Di Hong Kong, menonton film horor merangsang otak untuk melepaskan endorfin, hormon peredam stres yang membantu merilekskan pikiran.
Saat menonton film horor tahun 1973, The Exorcist, salah satu film klasik dalam genre tersebut, Sana Shawkath Khan yang berusia 10 tahun merasa sangat ketakutan. Dalam film tersebut, karakter utamanya adalah seorang gadis berusia 12 tahun yang dirasuki setan, memaksa para pendeta untuk melakukan ritual pengusiran setan kuno.
Meskipun ia tidak bisa tidur sepanjang malam setelah menonton film itu, The Exorcist tetap membangkitkan kembali kecintaan Khan pada film horor.
"Saya ingat sangat terkejut. Film itu memiliki banyak adegan yang mengejutkan, tetapi saya tidak ingin menutup mata atau memalingkan muka karena saya ingin tahu apa yang akan terjadi selanjutnya," ceritanya.
Bahkan sekarang, di usia 31 tahun, Khan masih menonton film horor. Dia menyukai suasana tegang, musik , dan efek mengerikan yang berlebihan, jeritan, dan suara pintu yang dibanting. Khan menikmati perasaan takut dan lega karena tahu bahwa rasa takut itu akan hilang setelah film berakhir.
Dia hanyalah salah satu dari banyak orang di seluruh dunia yang memiliki minat yang sama. Orang-orang menonton film horor untuk mendapatkan sensasi dan petualangan. Namun, para ahli juga mengakui manfaat kesehatan mental dari menonton genre ini. Bahkan, film horor membantu mengurangi stres dan mengelola ketakutan dalam kehidupan nyata. Film horor mengurangi dampak stres dalam kehidupan nyata dengan mengekspos rasa takut ke lingkungan fiksi yang terkontrol.

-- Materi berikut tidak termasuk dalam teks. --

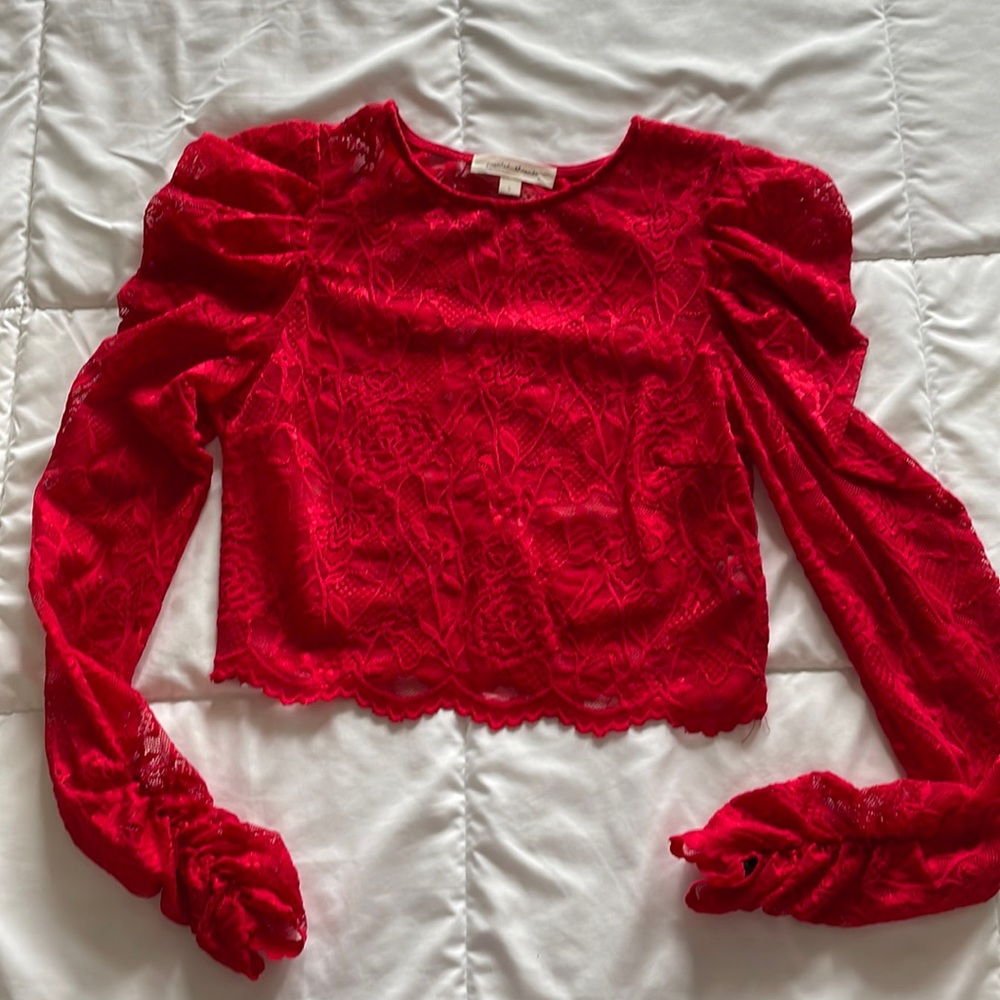 Red lace long sleeve crop top with puffed shoulders and tufted wrists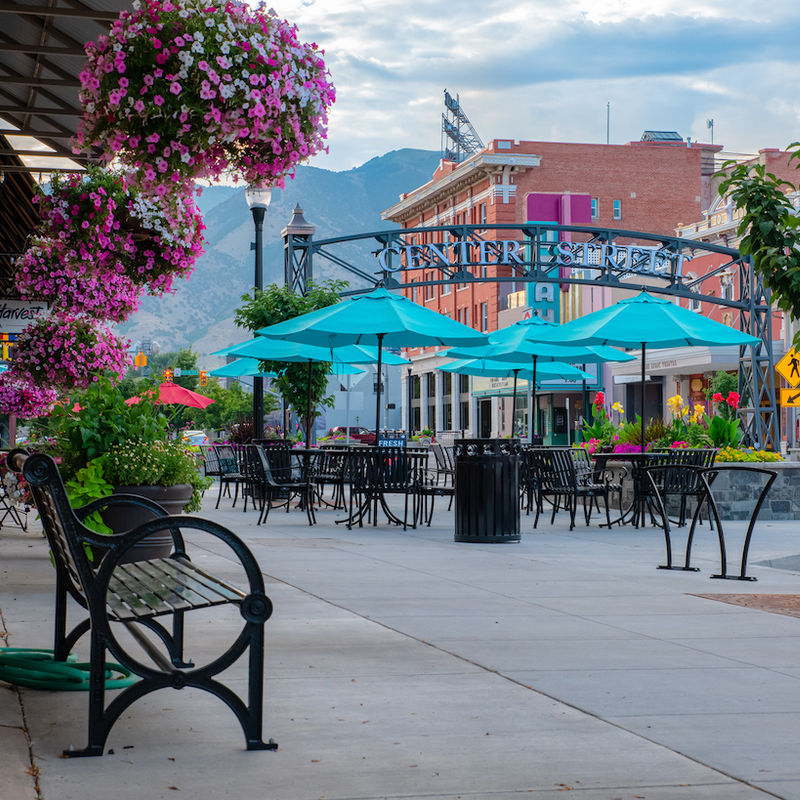 Friedliche Einkaufsstraße mit Blumen und blauen Schirmen in Logan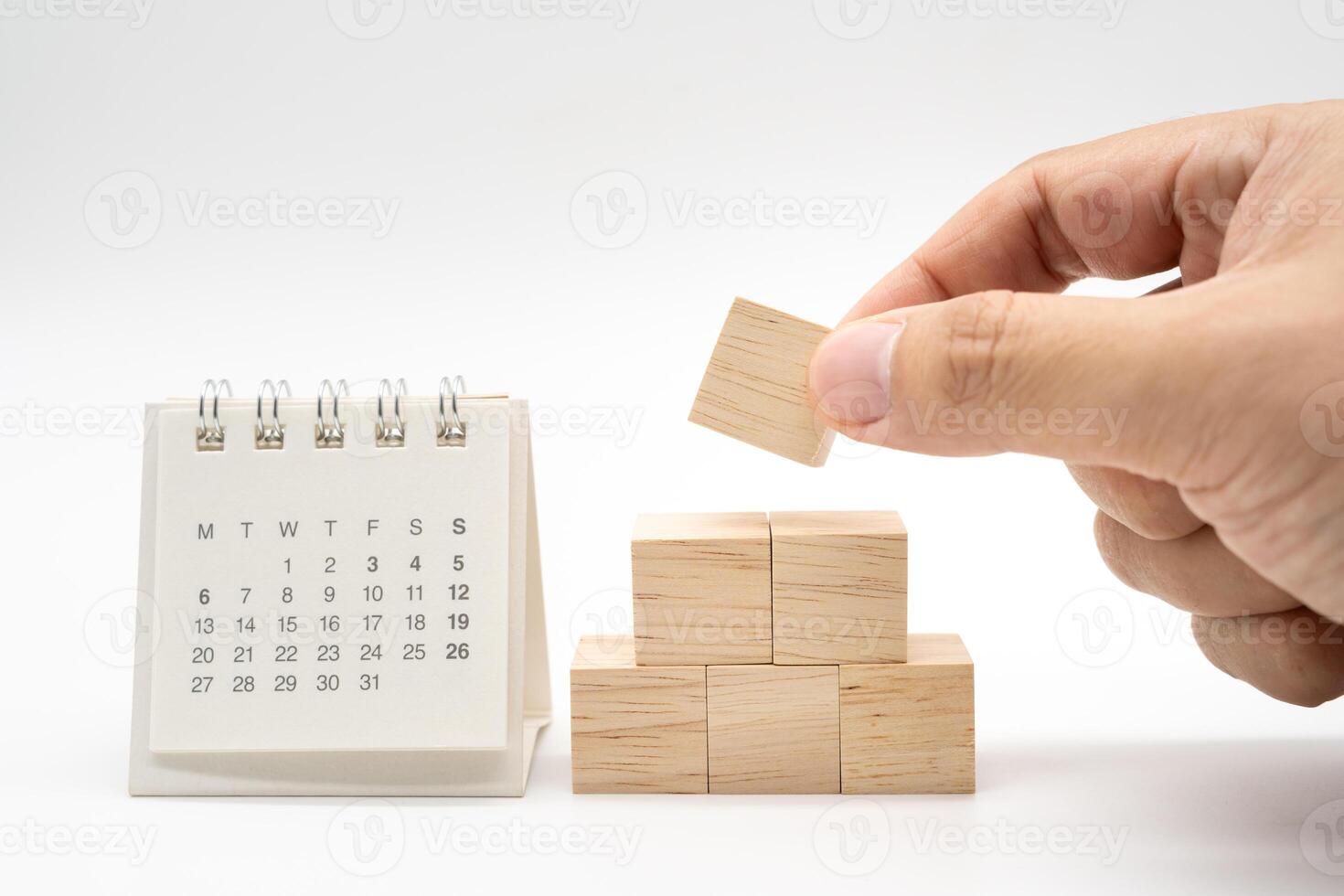 Hand putting and stacking blank wooden cubes on white background with copy space for input wording and infographic icon. Wooden blocks with Calendar. photo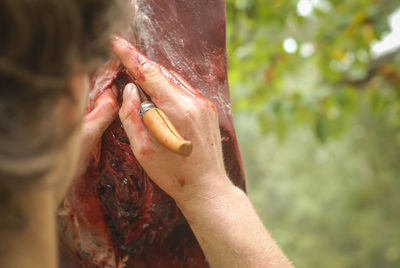 Cropped image of man cutting meat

Menurut Melanie Bryan, seorang psikolog klinis di Hong Kong, film horor memungkinkan pelepasan stres dan segala macam emosi di tempat yang aman. Efek ini mirip dengan pergi ke konser.

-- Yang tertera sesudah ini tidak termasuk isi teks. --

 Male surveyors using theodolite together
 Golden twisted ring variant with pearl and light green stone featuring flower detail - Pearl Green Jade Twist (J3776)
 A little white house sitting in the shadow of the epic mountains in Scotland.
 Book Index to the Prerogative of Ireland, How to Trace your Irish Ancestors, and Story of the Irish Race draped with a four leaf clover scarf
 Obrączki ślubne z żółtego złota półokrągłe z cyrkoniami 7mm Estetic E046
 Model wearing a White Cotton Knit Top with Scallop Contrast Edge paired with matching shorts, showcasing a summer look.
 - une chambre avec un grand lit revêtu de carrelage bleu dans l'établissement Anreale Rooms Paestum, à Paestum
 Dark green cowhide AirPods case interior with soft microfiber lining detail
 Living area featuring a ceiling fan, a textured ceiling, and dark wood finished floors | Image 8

Menonton film horor membantu mengurangi stres. Foto: Freepik
Dia menjelaskan bahwa respons awal manusia terhadap rasa takut bersifat fisik. Rasa takut muncul dari pengalaman masa lalu yang serupa atau bersifat naluriah (seperti takut laba-laba, takut terbang, takut ular).

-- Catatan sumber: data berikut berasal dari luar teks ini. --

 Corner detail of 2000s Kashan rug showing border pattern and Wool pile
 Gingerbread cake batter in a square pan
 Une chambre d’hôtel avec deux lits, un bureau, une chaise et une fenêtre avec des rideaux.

Hormon stres seperti adrenalin membanjiri tubuh, menyebabkan detak jantung dan pernapasan meningkat. Begitu reaksi fisik dimulai, tubuh membutuhkan waktu untuk memetabolisme adrenalin, sehingga memungkinkan orang tersebut untuk tenang.
Dalam situasi yang benar-benar berbahaya, lonjakan adrenalin mendorong orang ke salah satu dari tiga keadaan: melawan, melarikan diri, atau membeku. Orang tidak akan keluar dari keadaan ini sampai mereka merasa aman kembali, jelas Dr. Bryan.
Saat menonton film horor, orang merasa nyaman dan aman ketika alur cerita yang penuh kejutan terselesaikan, seperti ketika kejahatan dikalahkan. Pada saat itu, otak melepaskan endorfin, hormon peredam stres yang membantu pikiran rileks.
Hal ini berdampak positif pada orang-orang dengan gangguan kecemasan. Mereka sering kali merasakan ancaman dalam situasi sehari-hari, yang menyebabkan perasaan tidak aman. Bahaya ini tidak nyata dan tidak dapat diatasi, sehingga mereka jarang merasakan kelegaan sepenuhnya. Perasaan nyaman setelah menonton film horor membantu mereka mengurangi stres.
Sebuah studi tahun 2020 menemukan bahwa orang yang secara teratur mengalami rasa takut dalam bentuk fiksi (seperti menonton film horor atau bermain gim horor) lebih tangguh dan mudah beradaptasi secara psikologis selama pandemi Covid-19.
Faktanya, selama masa-masa penuh tekanan akibat pandemi, banyak orang beralih ke film horor sebagai cara untuk menghilangkan stres. Data dari aplikasi Movies Anywhere menunjukkan bahwa pendapatan film horor pada Mei 2020 meningkat sebesar 194% dibandingkan periode yang sama pada tahun 2019.
Terlepas dari manfaat yang jelas, Bryan berpendapat bahwa film horor tidak cocok untuk mereka yang memiliki imajinasi yang kuat. Mereka mungkin akan mengalami kembali adegan-adegan mengerikan dan menjadi lebih cemas. Dia juga memperingatkan bahwa orang-orang yang umumnya stres dan rentan secara emosional sebaiknya menghindari menonton film horor atau memainkan permainan horor.